Reproduce exactly, from the data that follows, the line with "Resale - Townhouse", the line with "Le falesie e", and every line that lies between them.

___ INFORMATION GIVEN

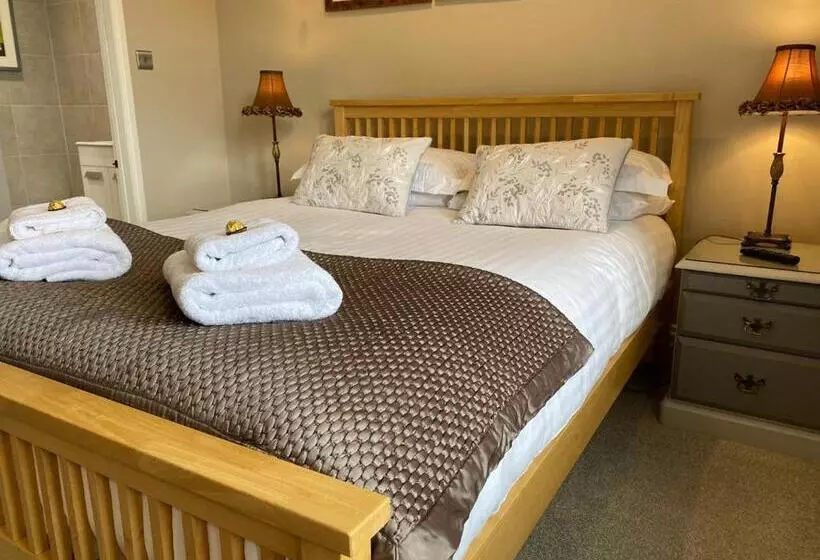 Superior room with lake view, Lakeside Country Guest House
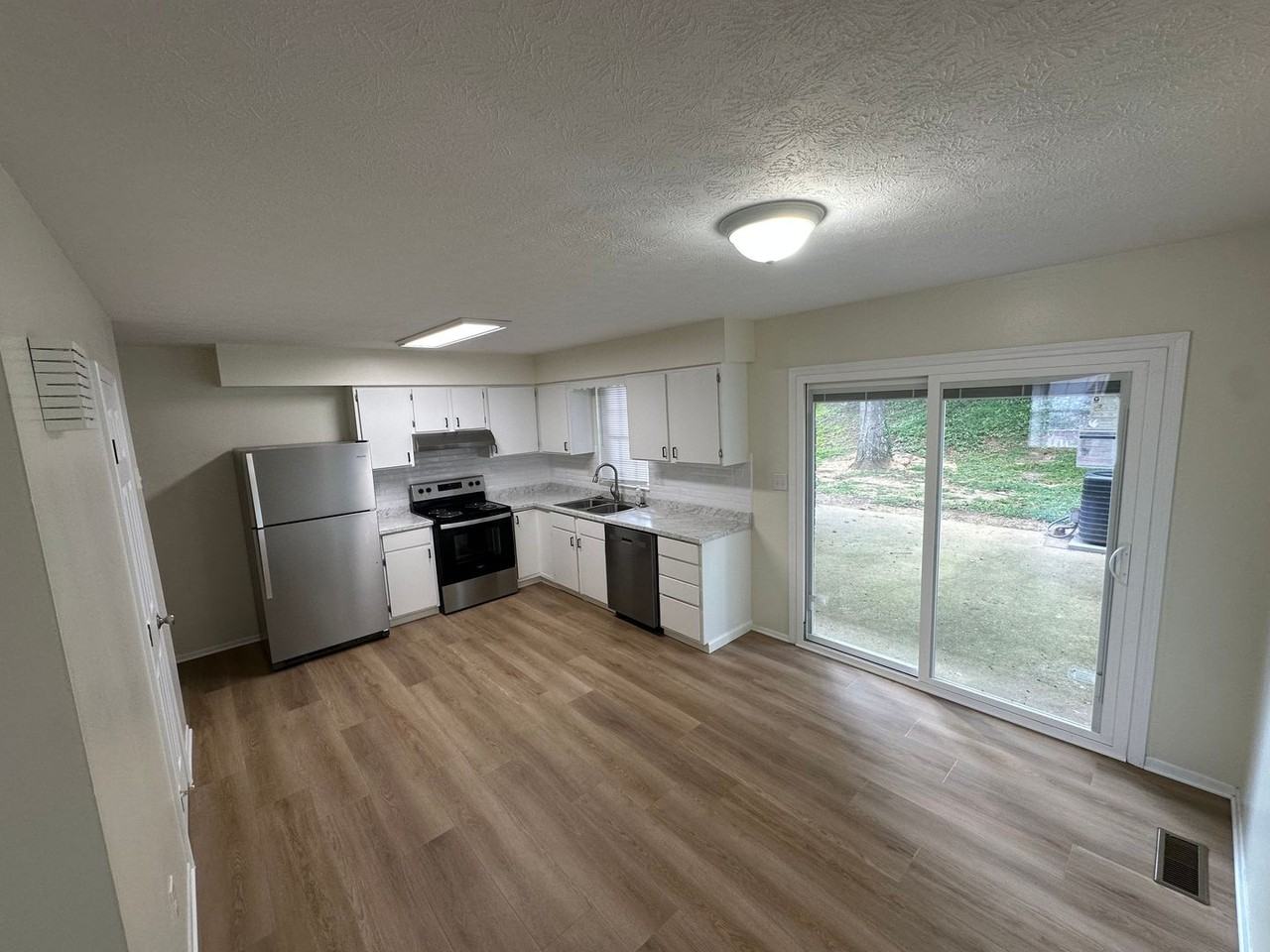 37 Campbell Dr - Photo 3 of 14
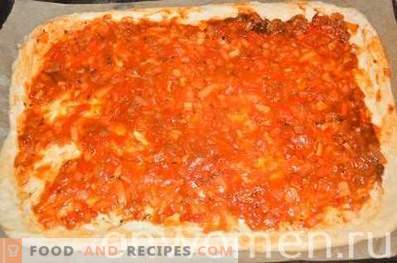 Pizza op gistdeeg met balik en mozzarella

______
___ INFORMATION GIVEN

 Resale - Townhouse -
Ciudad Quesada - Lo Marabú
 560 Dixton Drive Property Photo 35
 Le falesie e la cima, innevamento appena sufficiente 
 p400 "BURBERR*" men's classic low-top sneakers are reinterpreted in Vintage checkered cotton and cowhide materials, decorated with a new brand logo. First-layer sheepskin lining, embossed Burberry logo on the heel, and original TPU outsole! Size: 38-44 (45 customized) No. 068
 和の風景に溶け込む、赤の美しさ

______
___ INFORMATION GIVEN

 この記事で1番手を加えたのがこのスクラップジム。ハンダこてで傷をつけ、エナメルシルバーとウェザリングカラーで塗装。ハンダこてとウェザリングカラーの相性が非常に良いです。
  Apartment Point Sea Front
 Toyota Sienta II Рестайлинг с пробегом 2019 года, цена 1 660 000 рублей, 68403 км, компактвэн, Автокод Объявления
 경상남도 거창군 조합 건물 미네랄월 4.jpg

______

**THE COMPLETED TASK:**
 Resale - Townhouse -
Ciudad Quesada - Lo Marabú
 560 Dixton Drive Property Photo 35
 Le falesie e la cima, innevamento appena sufficiente 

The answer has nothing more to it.